**Task to carry out**
Please repeat the entries word for word and keep the images out.

**Material shown**

= = =

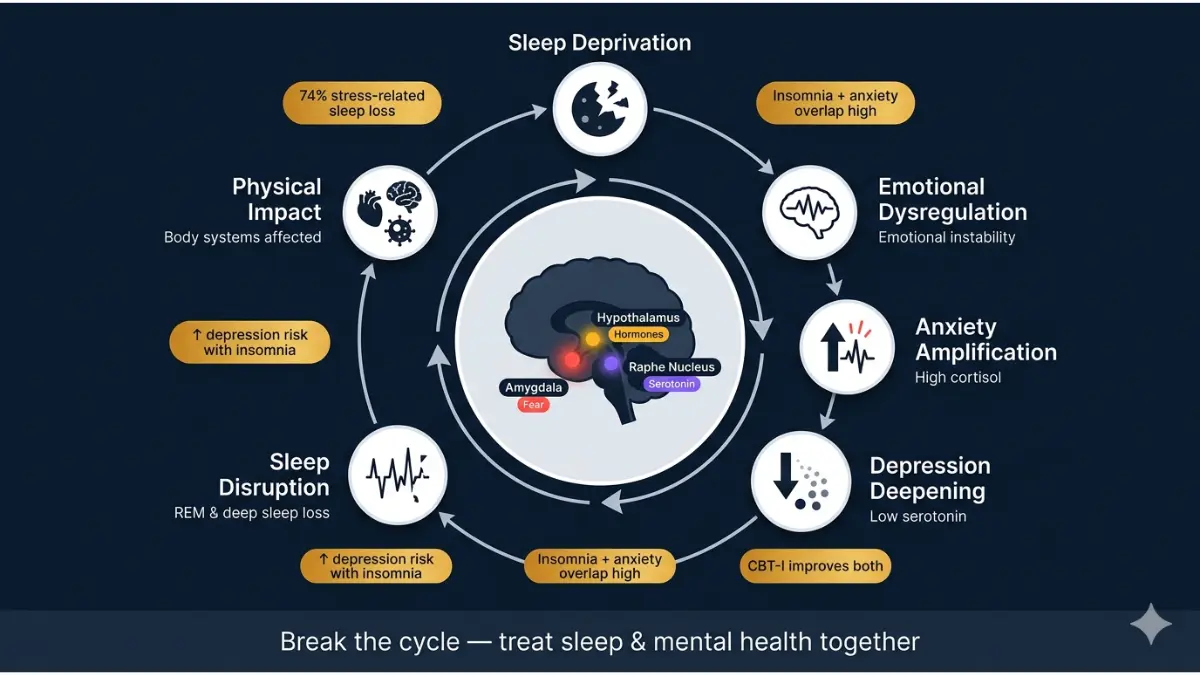 Circular diagram showing anxiety depression and sleep problem cycle affecting brain and overall health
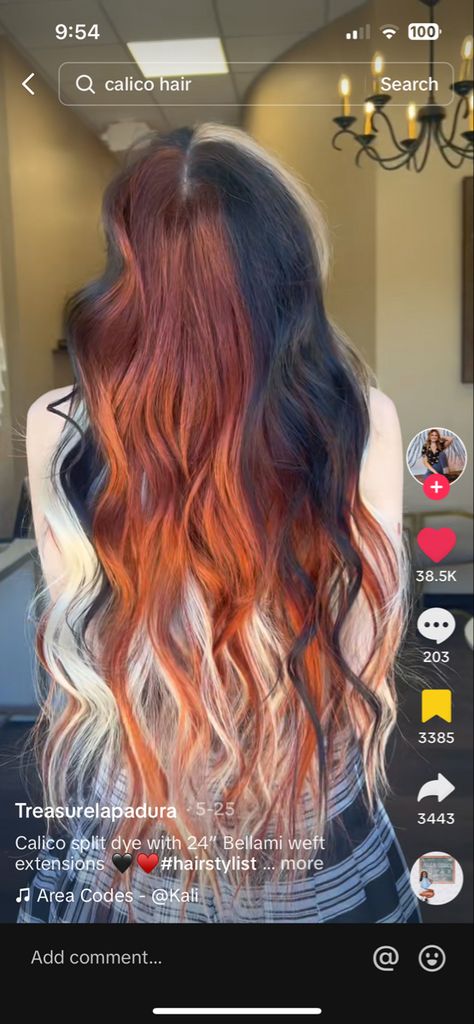 Spit Dye Hair Colors, Copper And Black Color Block Hair, Red Hair Color Blocking, Black Orange Blonde Hair, Orange Hair Black Highlights, Orange To Black Hair, Copper Hair With Black Highlights, Orange Black And Blonde Hair, Black And Strawberry Blonde Hair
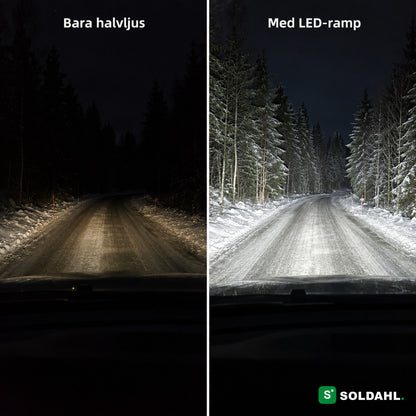Jämförelse mellan bara halvljus och med LED-ramp på en mörk skogsväg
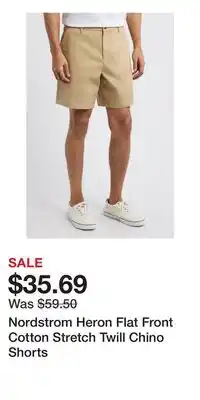 Nordstrom Nordstrom Heron Flat Front Cotton Stretch Twill Chino Shorts offer
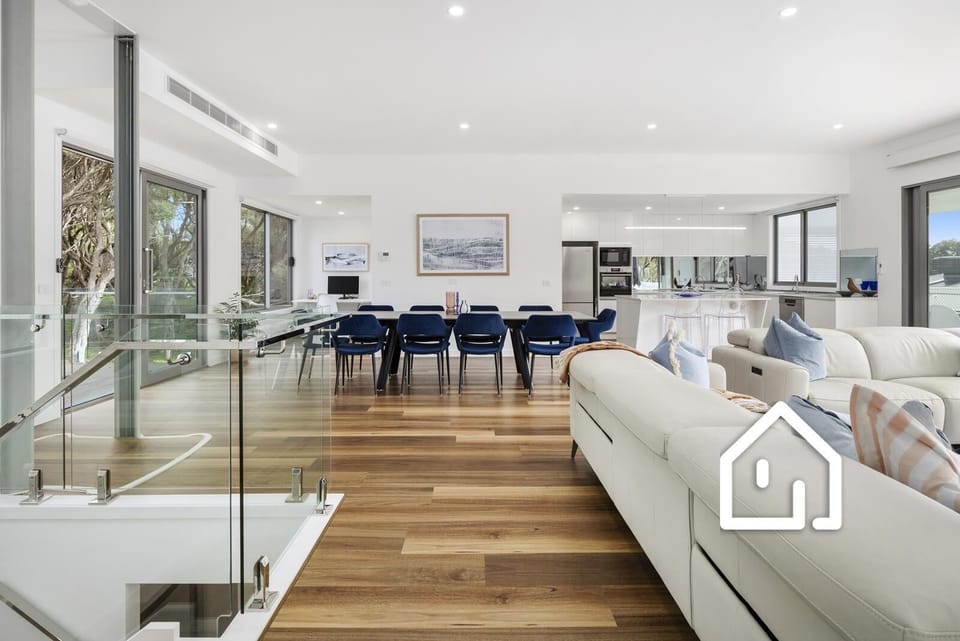 Main open plan living area (on the first floor), kitchen, dining and lounge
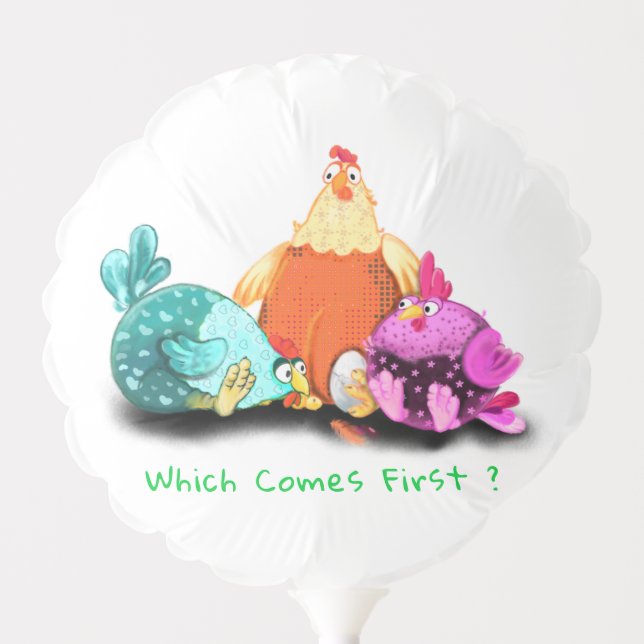 Funny Chickens Balloon - Custom Text (Front)
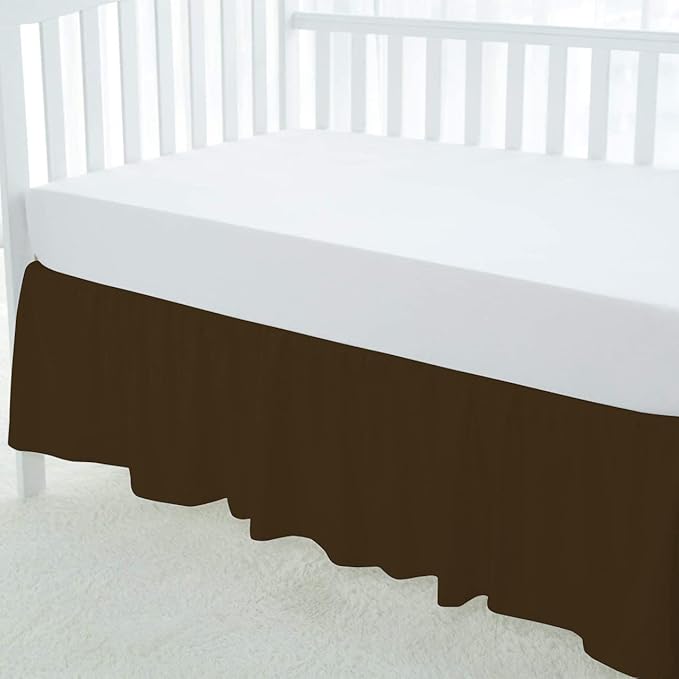 100% Egyptian Cotton, Nursery Crib Toddler (24" x 38" + 10") 800 Thread Count Crib Skirt Dust Ruffle, Bedding Skirts for Baby Boys or Girls, 10" Drop, Chocolate Solid
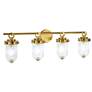 3_ArtCraft Myla 33 3/4" Wide Vintage Brass 4-Light Bath Light more views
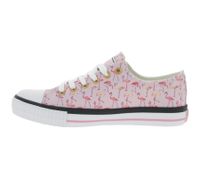 BRITISH KNIGHTS Master Lo Damen Low-Top Sneaker mit Flamingo-Print Schnür-Schuhe aus Canvas B49-3721-02 Rosa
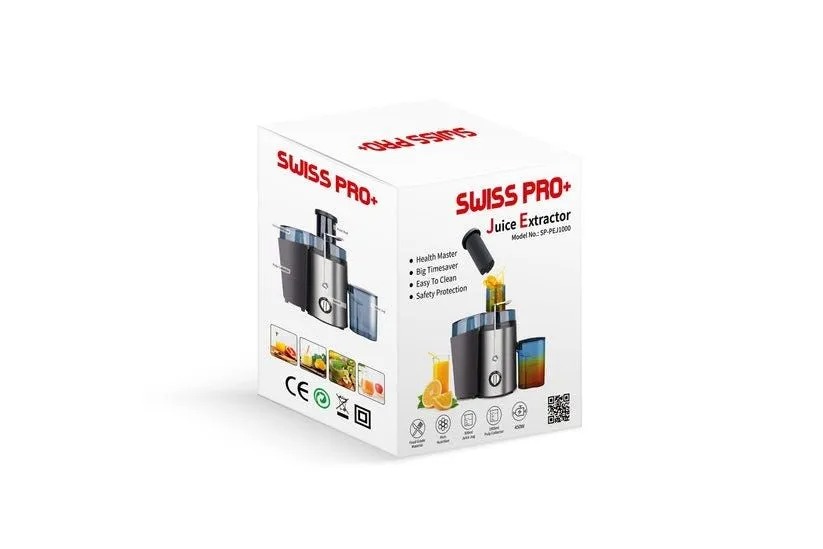 Swiss Pro Plus Juice Extractor , 800 milliliter 450 Watt Black Stainless Steel - SP-PEJ1000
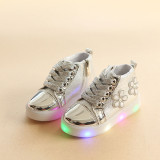 Toddler Kid Girl LED Light Shining Bright Zircon Flower Leather Sneakers Shoes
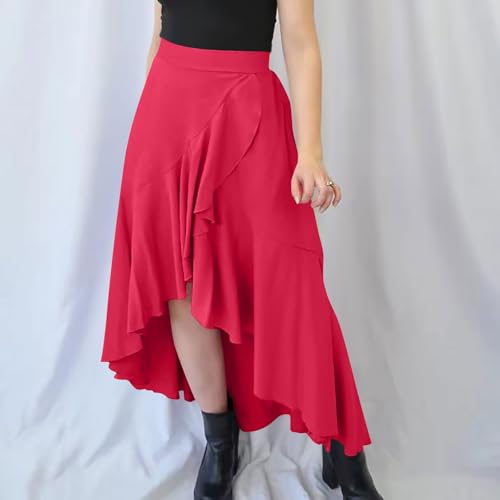 Women's High Waist Skirts Dressy Casual Ruffle Shirts High Low Asymmetric Skirt Elastic Waist Flowy Skirts Business Skirt4
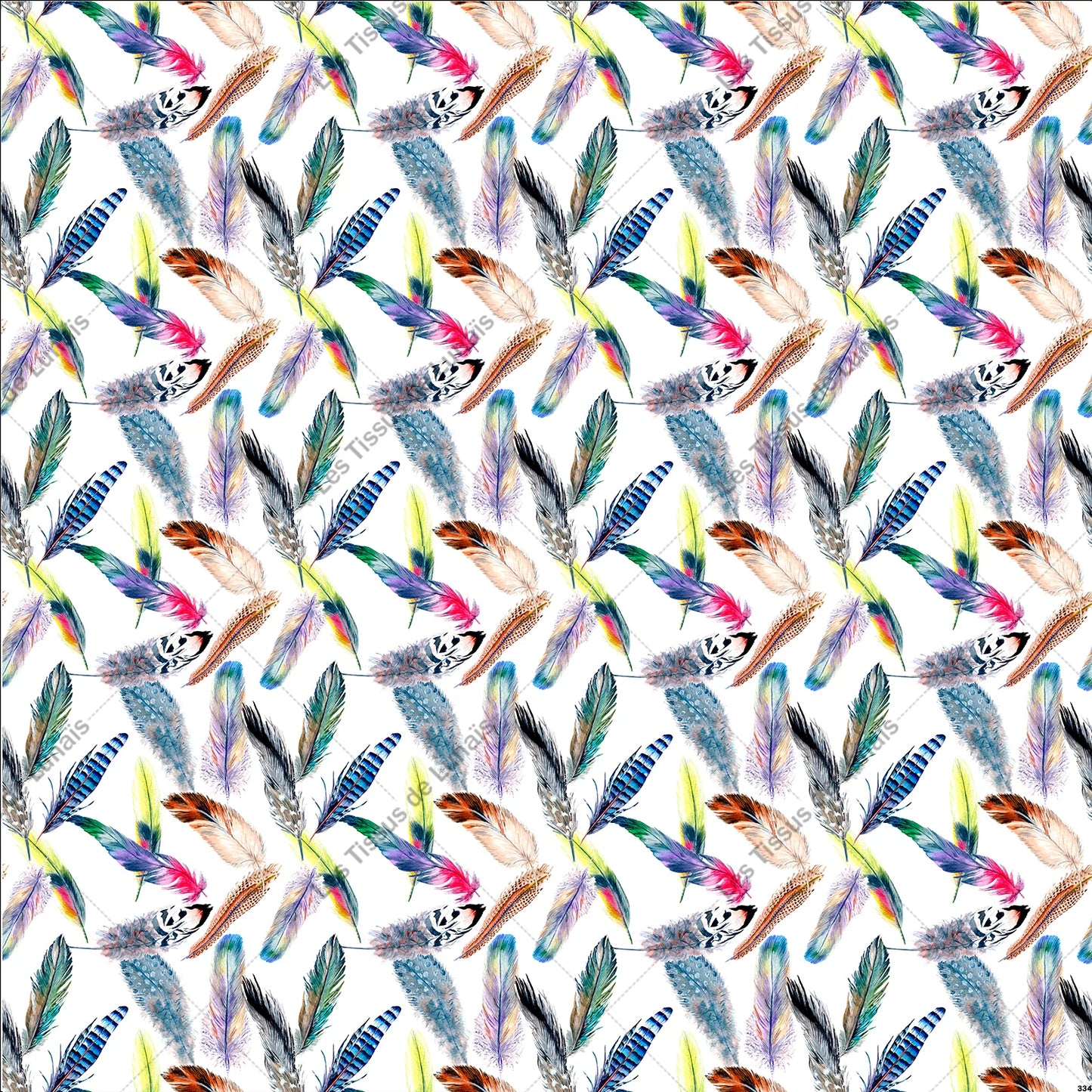 PANNEAU 334 plume boho - 9 matières - 7 dimensions - au choix - Idéal pour vos Créations Couture !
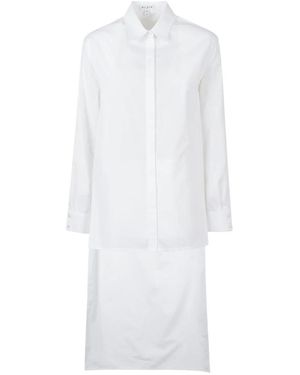 Alaïa Kleedjes ,Wit ,Katoen Asymmetrische Katoenen Popeline Blouse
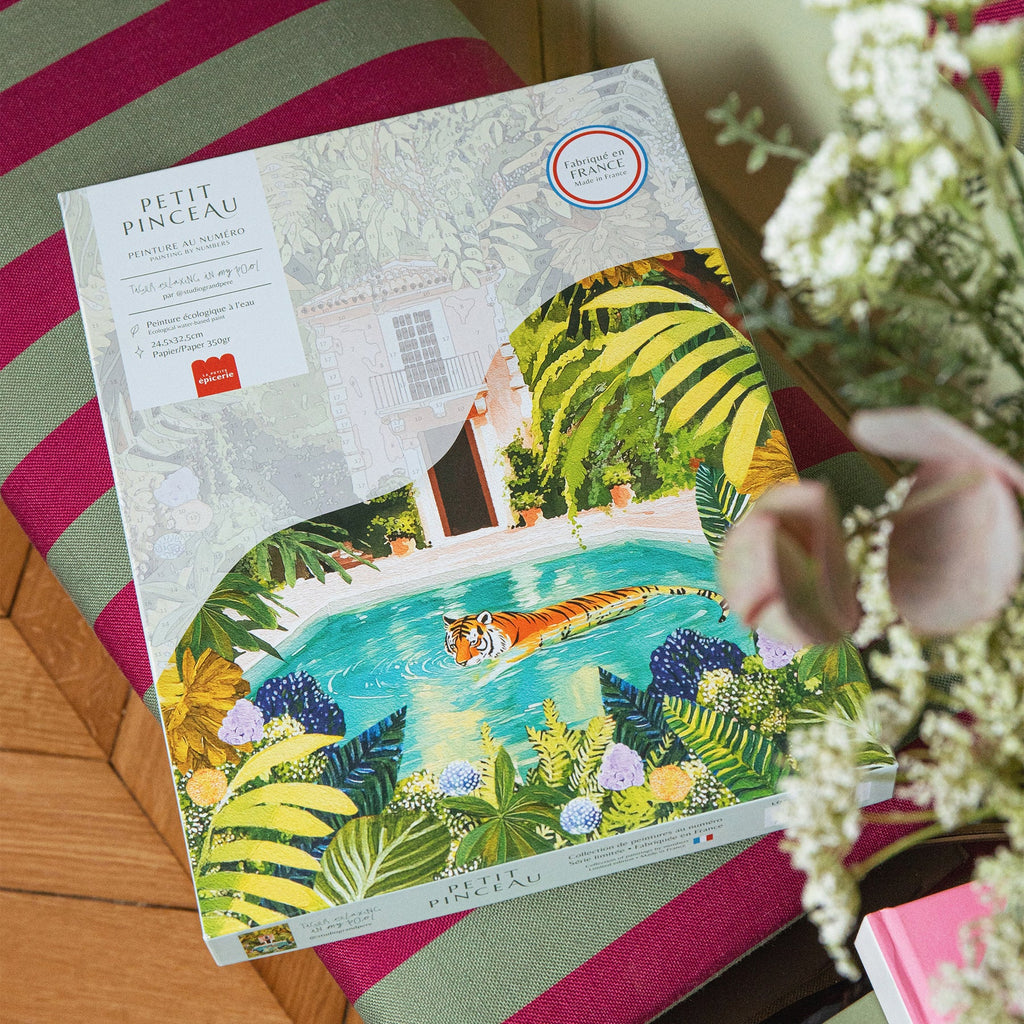 Kit peinture au numéro - Tiger relaxing in my pool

= = =

**Answer to the exercise**
 Circular diagram showing anxiety depression and sleep problem cycle affecting brain and overall health
 Spit Dye Hair Colors, Copper And Black Color Block Hair, Red Hair Color Blocking, Black Orange Blonde Hair, Orange Hair Black Highlights, Orange To Black Hair, Copper Hair With Black Highlights, Orange Black And Blonde Hair, Black And Strawberry Blonde Hair
Jämförelse mellan bara halvljus och med LED-ramp på en mörk skogsväg
 Nordstrom Nordstrom Heron Flat Front Cotton Stretch Twill Chino Shorts offer
 Main open plan living area (on the first floor), kitchen, dining and lounge
 Funny Chickens Balloon - Custom Text (Front)
 100% Egyptian Cotton, Nursery Crib Toddler (24" x 38" + 10") 800 Thread Count Crib Skirt Dust Ruffle, Bedding Skirts for Baby Boys or Girls, 10" Drop, Chocolate Solid
 3_ArtCraft Myla 33 3/4" Wide Vintage Brass 4-Light Bath Light more views
 BRITISH KNIGHTS Master Lo Damen Low-Top Sneaker mit Flamingo-Print Schnür-Schuhe aus Canvas B49-3721-02 Rosa
 Swiss Pro Plus Juice Extractor , 800 milliliter 450 Watt Black Stainless Steel - SP-PEJ1000
 Toddler Kid Girl LED Light Shining Bright Zircon Flower Leather Sneakers Shoes
 Women's High Waist Skirts Dressy Casual Ruffle Shirts High Low Asymmetric Skirt Elastic Waist Flowy Skirts Business Skirt4
 PANNEAU 334 plume boho - 9 matières - 7 dimensions - au choix - Idéal pour vos Créations Couture !
 Alaïa Kleedjes ,Wit ,Katoen Asymmetrische Katoenen Popeline Blouse
 Kit peinture au numéro - Tiger relaxing in my pool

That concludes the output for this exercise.